Beyond technical skills, you’ll learn to effectively present your work, ensuring you can communicate complex ideas clearly to various audiences.

Career advice, contributions to open source projects, and a thorough Python programming section are included to round out your education, making this bootcamp a solid foundation for anyone looking to enter the fields of machine learning and data science.

Tableau Advanced: Master Tableau in Data Science

Tableau Advanced: Master Tableau in Data Science

This comprehensive syllabus covers a wide range of advanced topics in Tableau, equipping you with the skills to tackle complex data analysis and visualization challenges.

You’ll start by diving into groups and sets, learning how to work with them, create static and dynamic sets, combine sets, and control them with parameters.

This section culminates in building a dashboard showcasing startup data, complete with tricks to enhance its functionality.

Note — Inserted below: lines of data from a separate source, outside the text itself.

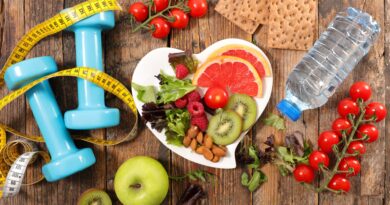 healthy food, apple, water bottle, dumbbells for workout
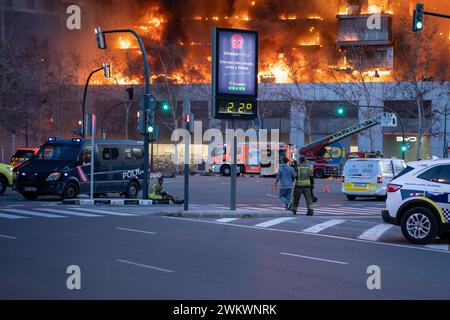 Valencia, Spain - February 22, 2024: Exhausted firefighters after intervening in a large fire in a 14-story residential building in the city of Valenc Stock Photo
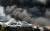 19일 전북 전주시의 한 자동차 폐차장에서 화재가 발생해 소방관들이 화재를 진압하고 있다. 뉴시스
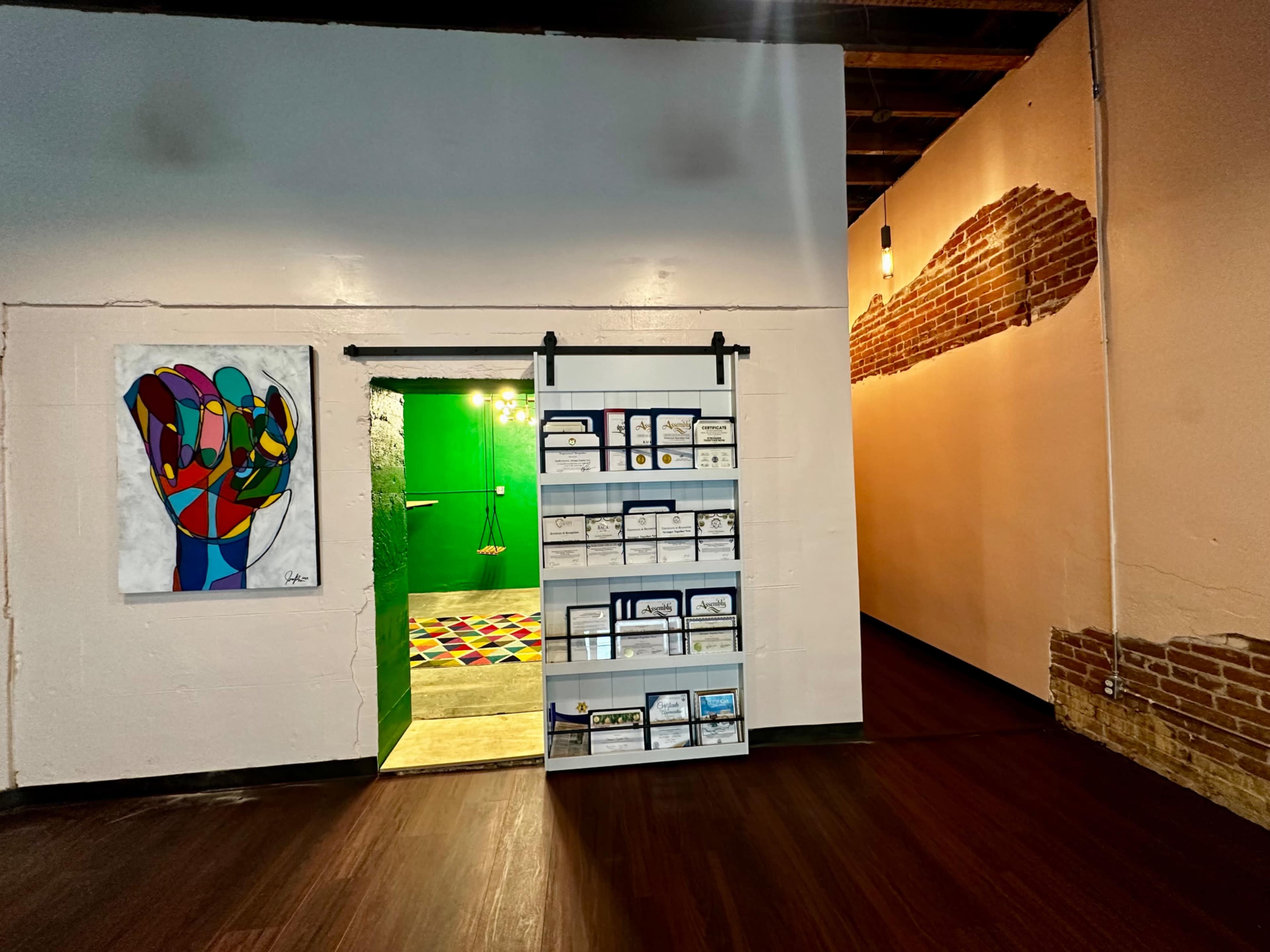 The image shows an interior space with a colorful mural of a raised fist on the left, a green door leading to another room, and a display rack with various brochures mounted on the wall.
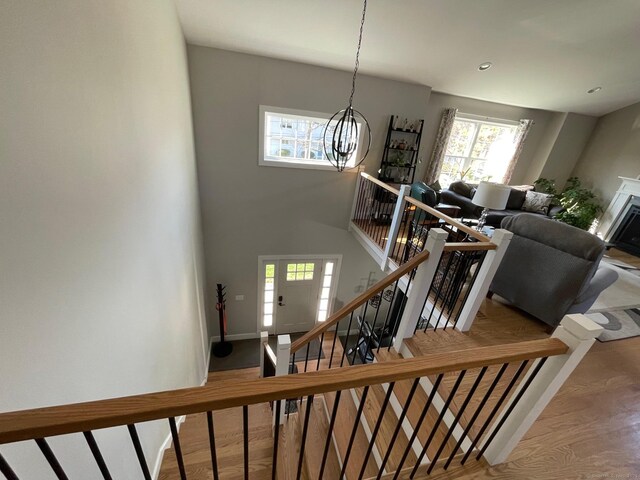 16 Catherine Dr, Wolcott, CT 06716 - staircase featuring an inviting chandelier, baseboards, plenty of natural light, and wood finished floors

Next, you’ll explore advanced table calculations, a powerful feature in Tableau.

You’ll learn how to create multiple joins, differentiate between calculated fields and table calculations, and specify the direction of computation.

Additionally, you’ll gain hands-on experience in writing your own table calculations, adding a second layer moving average, and ensuring quality assurance for these calculations.

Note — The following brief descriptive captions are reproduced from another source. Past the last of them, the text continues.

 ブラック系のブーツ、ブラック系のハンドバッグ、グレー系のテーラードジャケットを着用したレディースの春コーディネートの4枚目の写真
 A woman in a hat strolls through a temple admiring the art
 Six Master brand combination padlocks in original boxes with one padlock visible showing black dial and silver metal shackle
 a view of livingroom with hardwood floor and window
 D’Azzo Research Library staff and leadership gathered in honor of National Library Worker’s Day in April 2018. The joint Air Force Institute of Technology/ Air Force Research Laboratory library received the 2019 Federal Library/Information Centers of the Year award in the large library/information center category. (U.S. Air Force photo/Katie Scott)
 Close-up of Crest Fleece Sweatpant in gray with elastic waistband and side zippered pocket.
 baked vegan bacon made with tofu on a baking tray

The course then delves into advanced data preparation and analytics within Tableau.

You’ll build box plots, analyze them, and work with large data sources.

Pivoting and splitting data will become second nature, and you’ll learn how to apply data source filters effectively.

Real-world retail scenarios will be explored, and you’ll master trendlines, data preparation exercises, advanced time series blending, and even forecasting in Tableau.

Creating animations in Tableau is another key skill you’ll acquire.

You’ll edit blending relationships, build visualizations, add animations, manually sort blended data, and leave a trail in your animations, culminating in a polished dashboard.

Level of Detail (LOD) calculations, a powerful feature in Tableau, will be demystified.

You’ll gain an intuitive understanding of LOD calculations, learn about the different types (INCLUDE, EXCLUDE, and FIXED), and explore how to use multiple fields in these calculations.

Advanced mapping techniques are also covered, including working with polygons, background maps, and solving business challenges using maps.

You’ll learn how to use the drawing tool for Tableau, add custom images to maps, calculate distances, and customize maps with Mapbox.

Throughout the course, you’ll work on real-world projects, ensuring you gain practical experience in applying the concepts you’ve learned.

By the end, you’ll have a solid grasp of advanced Tableau techniques, positioning you as a skilled data analyst or data scientist.

Data Science and Machine Learning Bootcamp with R

Data Science and Machine Learning Bootcamp with R

Starting with an introduction to data science and R programming, this course prepares you by covering setup procedures for Windows, Mac OS, or Linux, and familiarizes you with RStudio.

You’ll quickly move into practical programming, learning about variables, data types, and vector operations, along with essential data structures like matrices, data frames, and lists.

The course doesn’t stop at programming.

It extends into data manipulation, teaching you how to work with various data formats, including CSV and Excel, and even how to scrape web data.

This skill set is crucial for handling diverse data sources you’ll encounter in real-world scenarios.

Machine learning is at the core of this bootcamp, with detailed sections on linear and logistic regression, K-nearest neighbors (KNN), decision trees, random forests, support vector machines (SVM), and neural networks.

Each module includes a project, allowing you to apply theoretical knowledge to practical tasks, reinforcing your learning.

Data visualization skills are also covered, with tutorials on ggplot2 and Plotly, enabling you to create both static and interactive visualizations.

This is key for analyzing and presenting data effectively.

The capstone project culminates your learning experience, challenging you to apply all your acquired skills on a real-world problem.